- **Problem**: The response should repeat word for word every line below from the one with "Ivy Snowflake Necklace" to the one with "Violencia en las", inclusive, and nothing else; leave pictures out.

- **Given information**:
- - - - - - -

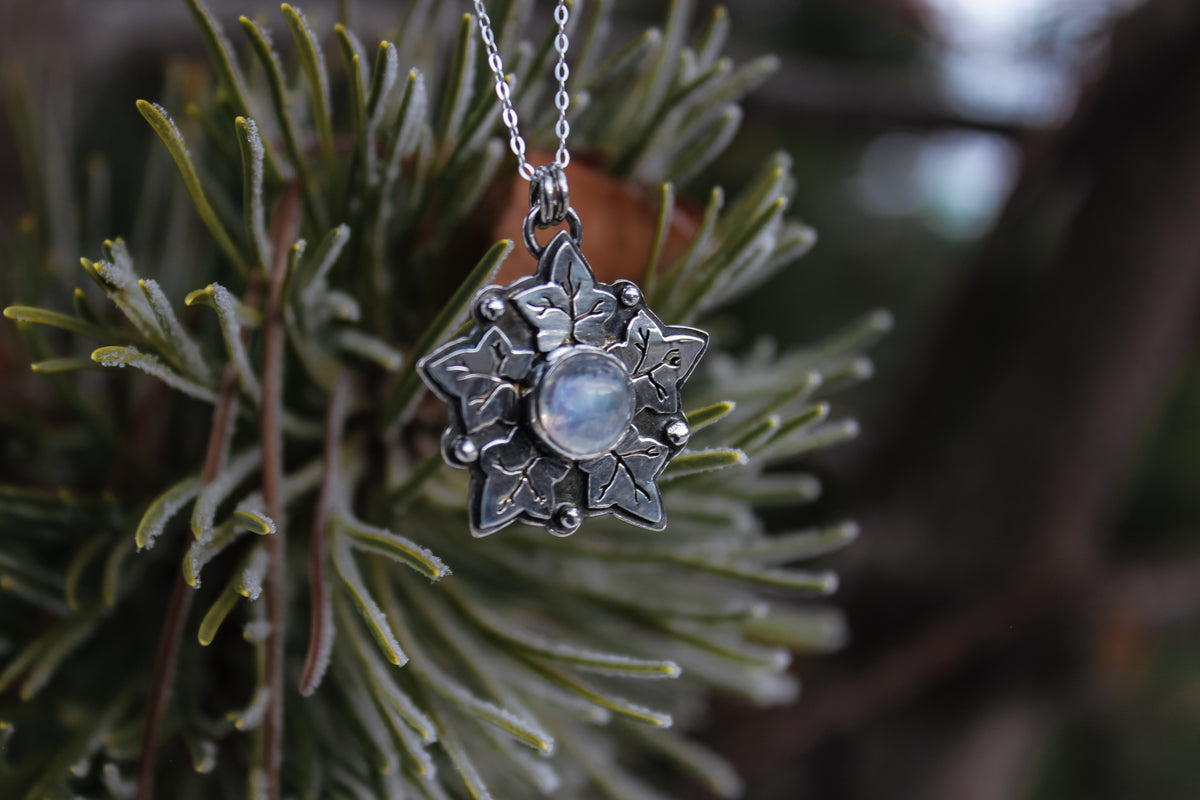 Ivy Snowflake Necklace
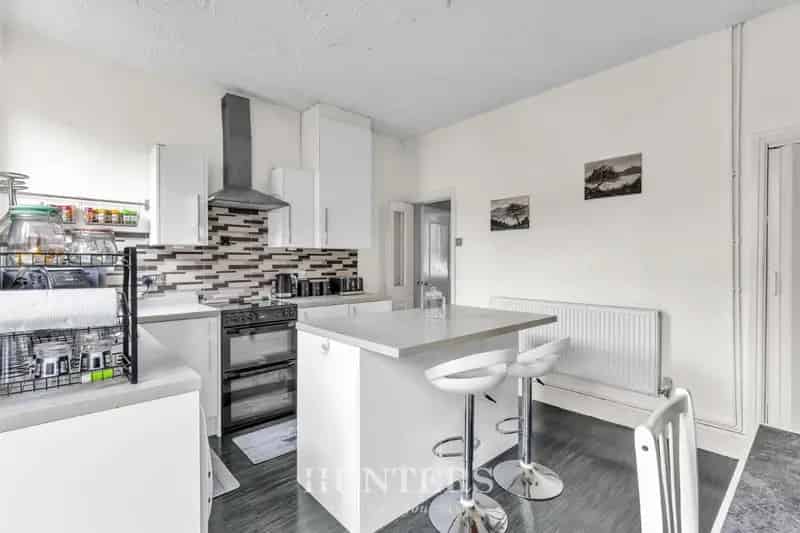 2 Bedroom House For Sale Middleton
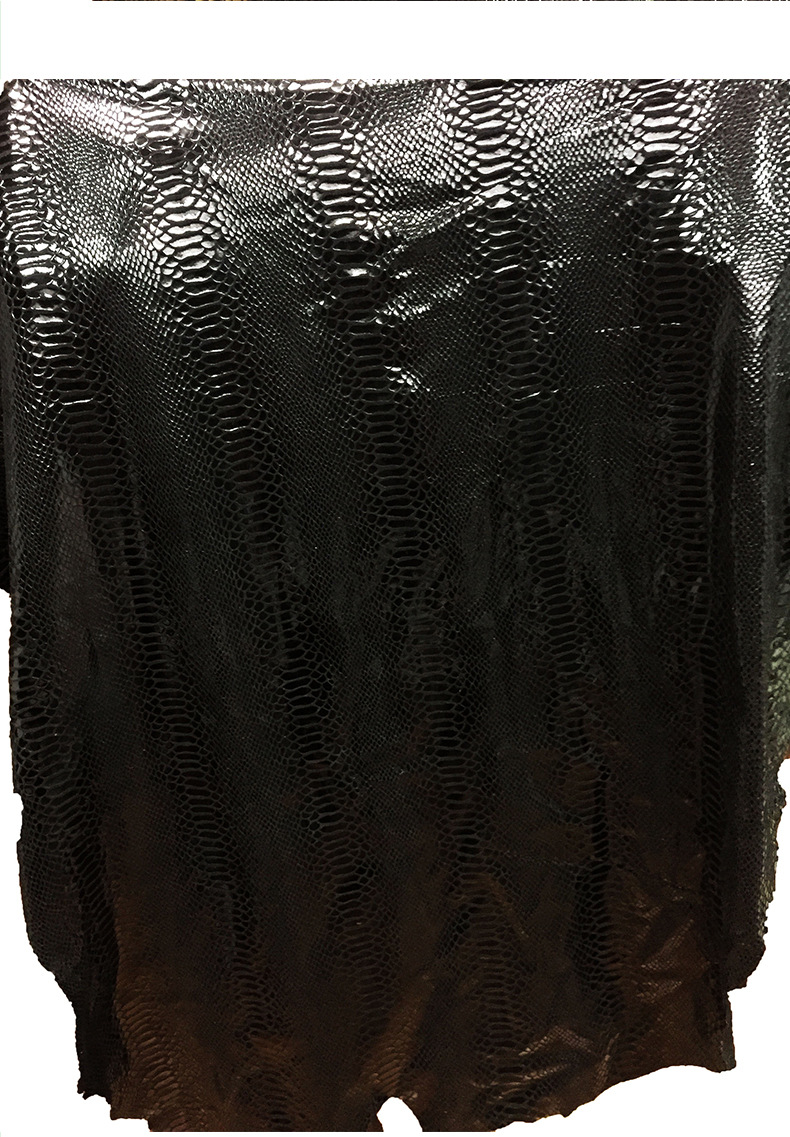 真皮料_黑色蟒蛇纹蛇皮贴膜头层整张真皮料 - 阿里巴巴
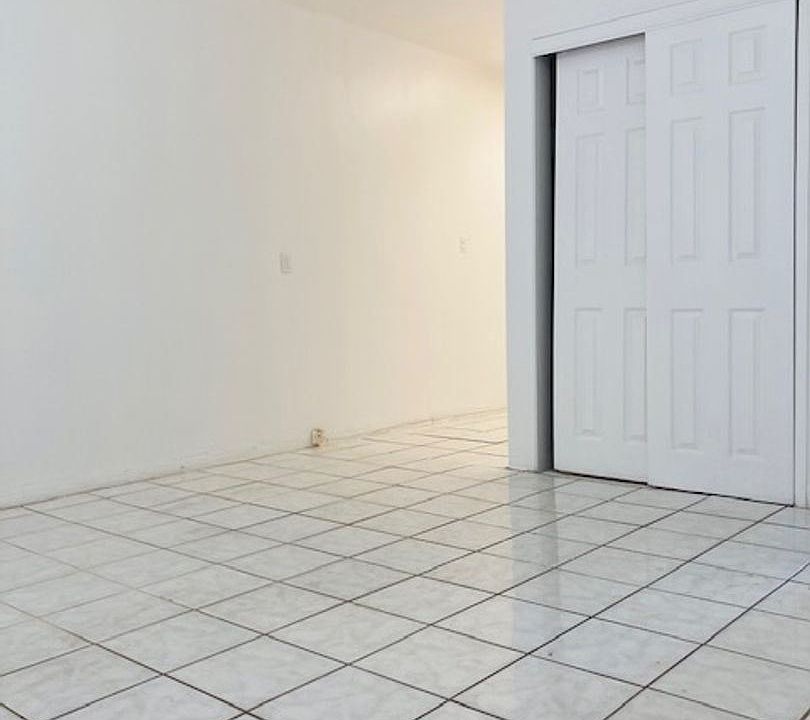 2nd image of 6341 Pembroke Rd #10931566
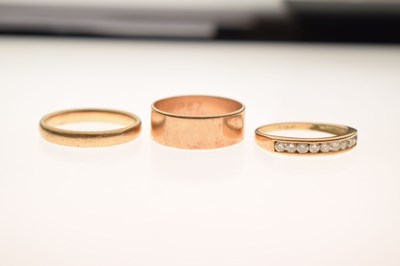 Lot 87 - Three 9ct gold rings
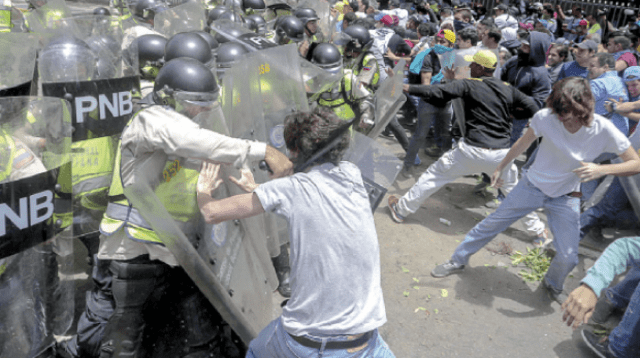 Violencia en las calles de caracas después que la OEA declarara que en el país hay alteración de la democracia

- - - - - - -

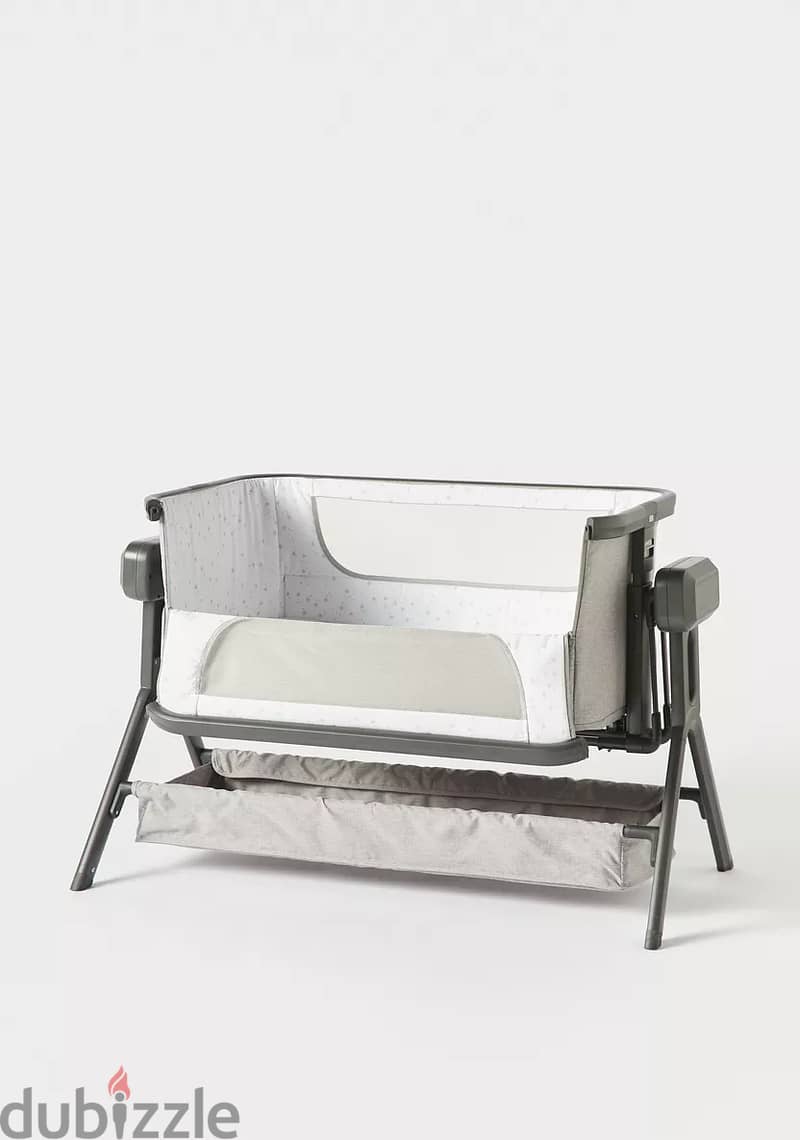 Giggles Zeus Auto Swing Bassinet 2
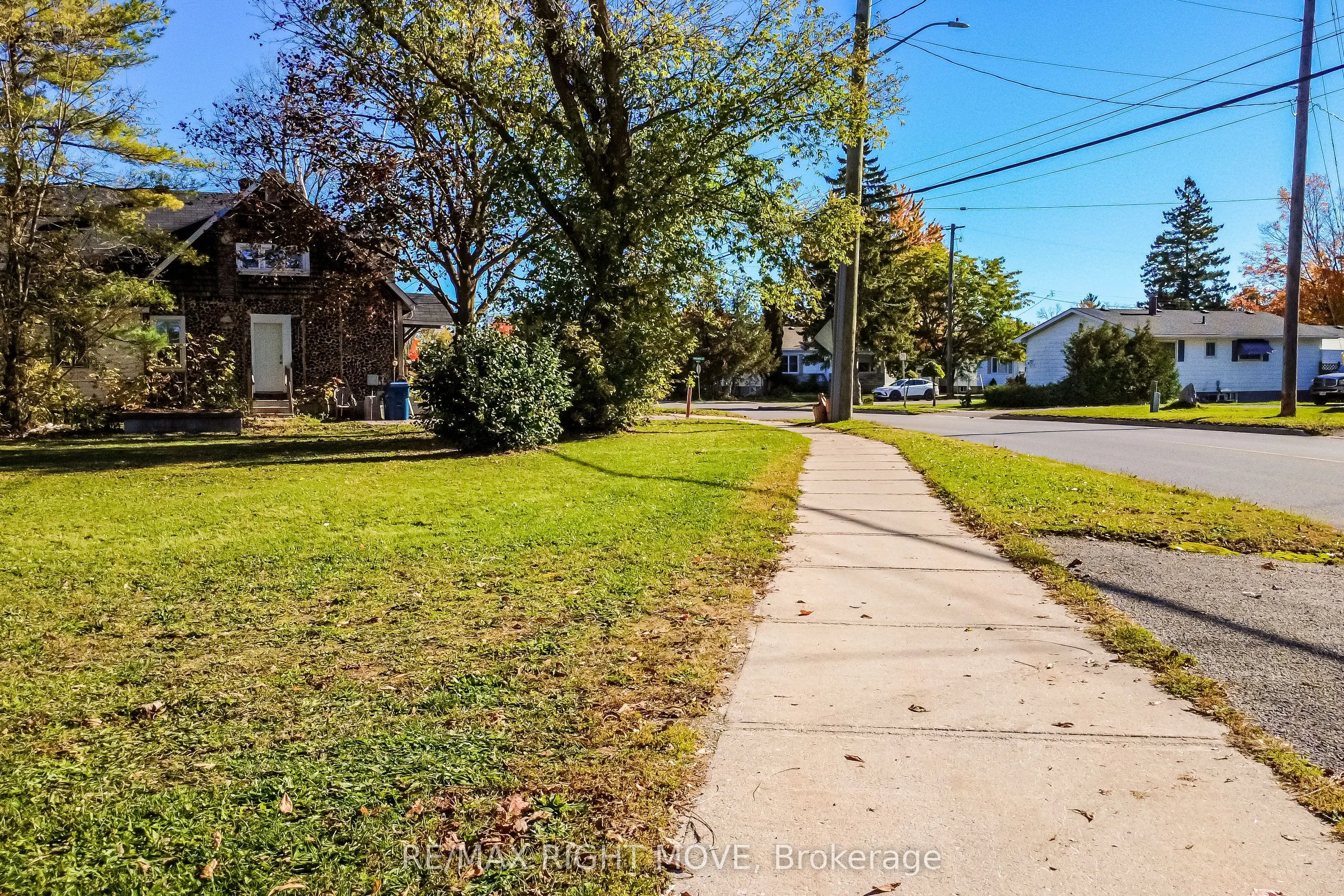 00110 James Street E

- - - - - - -

- **Solution to this exercise**:
 Ivy Snowflake Necklace
 2 Bedroom House For Sale Middleton
 真皮料_黑色蟒蛇纹蛇皮贴膜头层整张真皮料 - 阿里巴巴
 2nd image of 6341 Pembroke Rd #10931566
 Lot 87 - Three 9ct gold rings
 Violencia en las calles de caracas después que la OEA declarara que en el país hay alteración de la democracia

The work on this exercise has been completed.